Les patients n'ont jamais attendu aussi longtemps sur une civière au Québec. Ils séjournent en moyenne 30 minutes de plus dans les urgences que l'an dernier, soit 17h36 min. C'est 2h12 min d'attente de plus qu'il y a 5 ans pour l'ensemble de la province. Une attente qui s'éloigne de plus en plus de la cible ministérielle de 12 heures.

Dans la région de Montréal, la situation est particulièrement préoccupante, avec une attente moyenne de 20h13 min. C'est toutefois à l'hôpital Maisonneuve-Rosemont, établissement marqué par la mort d'une femme qui avait passé quatre jours dans un couloir au cours de l'hiver, que l'attente sur les civières explose. Elle est maintenant de 34h6 min en moyenne. La situation n'est guère plus reluisante à Santa-Cabrini, autre établissement montréalais, où les patients passent en moyenne 33h36 min sur les civières.
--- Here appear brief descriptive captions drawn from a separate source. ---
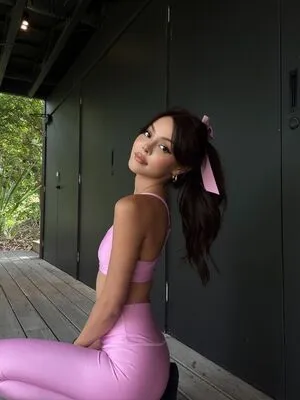 LilyMayMac OnlyFans Leaked Free Thumbnail Picture - #PCYFzNUdTr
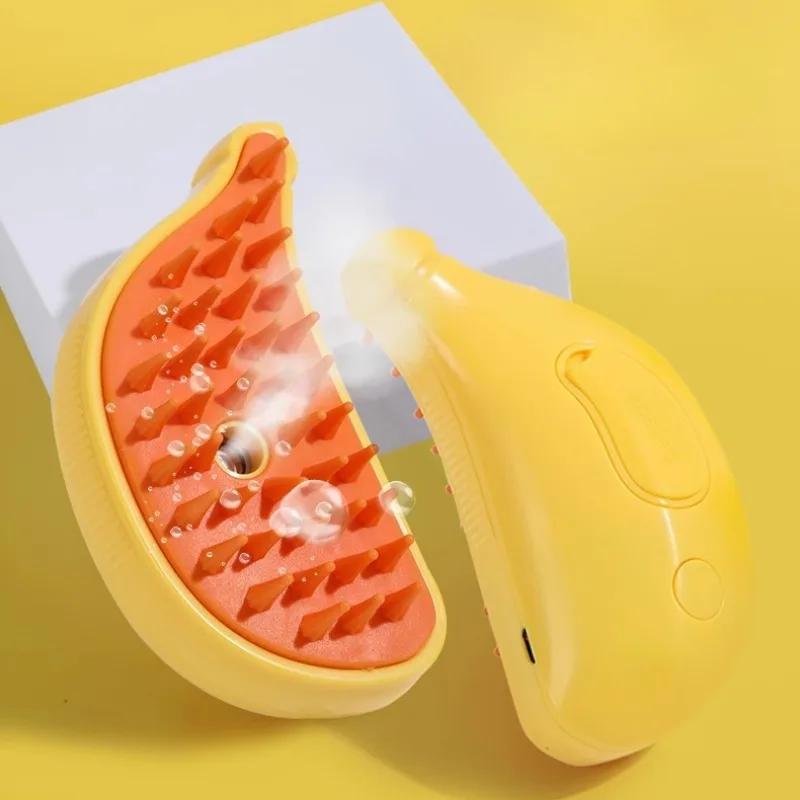 â   ֿ     ,     Ŭ 귯,  ö    귯, 1PC
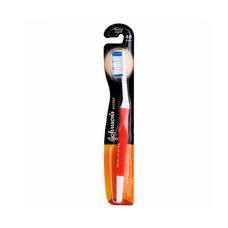 Escova Dental Johnsons Reach Access Grande 40 Macia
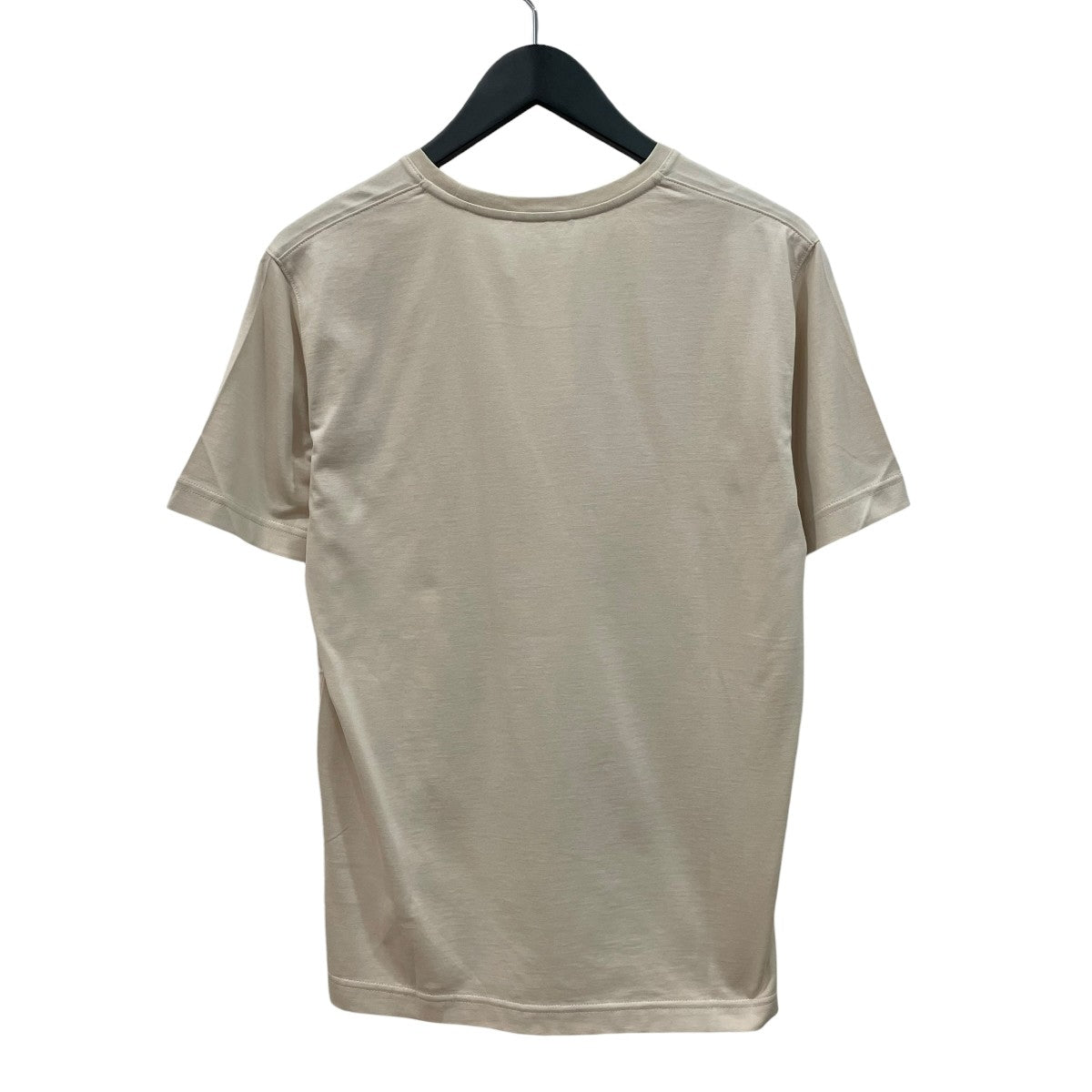 半袖Tシャツ21070500707010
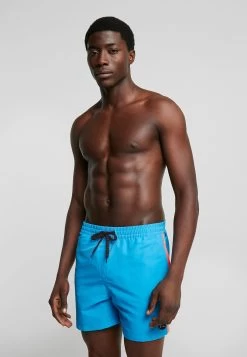 Quiksilver Zwemshorts - Blithe
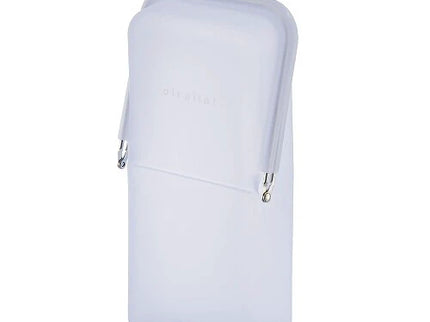 Estuche Kutsuwa AirPita Stand Case - Fairy Blue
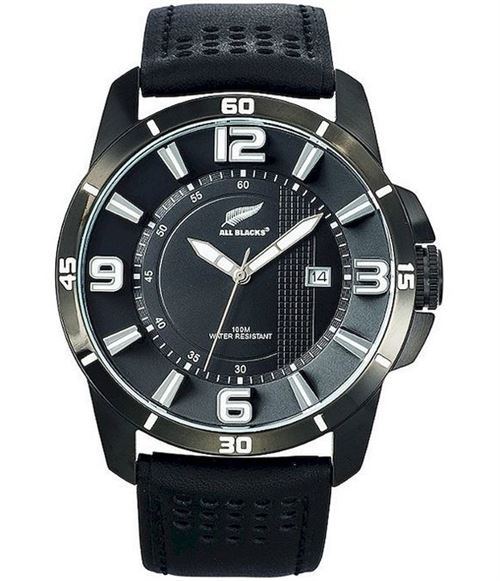 Calypso Femme Montre K5624/6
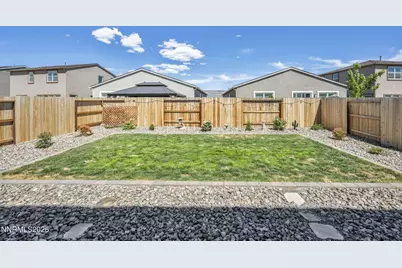 7814 Navasota Drive, Sparks, NV 89436 - Photo 47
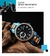 Relógio de Luxo Masculino BOBO BIRD GT045 aço inoxidável À Prova D'Água na internet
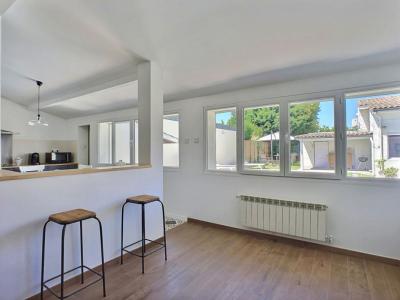 For sale Begles 10 rooms 240 m2 Gironde (33130) photo 1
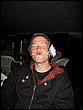 IMG_5426.JPG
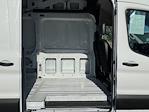 2023 Ford Transit 250 High Roof RWD Empty Cargo Van for sale #P7520 - photo 16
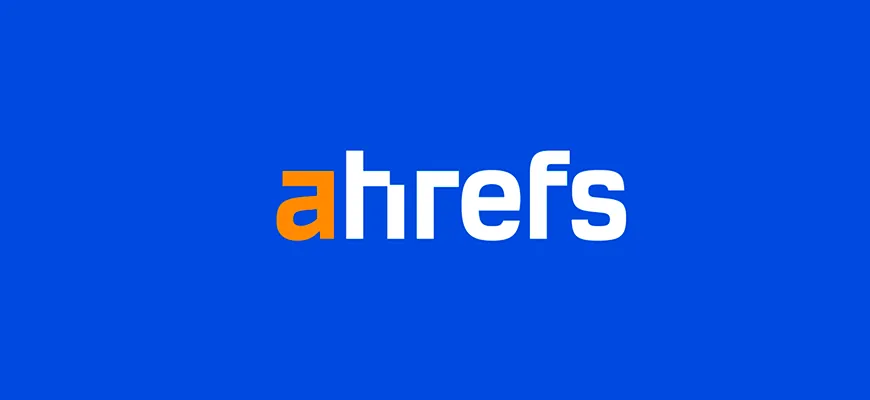 Как оплатить AHrefs из России в 2026 году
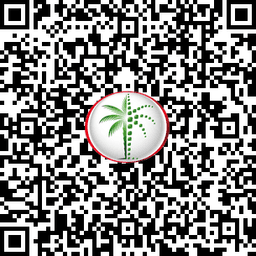 RERA Permit QR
Cité-de-la-Santé à Laval a aussi perdu du galon. Sa note passe de B+ à B-, pour une moyenne d'attente de 18h48 min sur les civières. Ce chiffre fait référence au temps de séjour aux urgences et représente la durée de l'épisode de soins. D'autre part, les hôpitaux Brome-Missisquoi Perkins, de Cowansville, et Saint-Eustache, arrivent au dernier rang du palmarès au même titre que le CHUM Notre-Dame, avec la note E+.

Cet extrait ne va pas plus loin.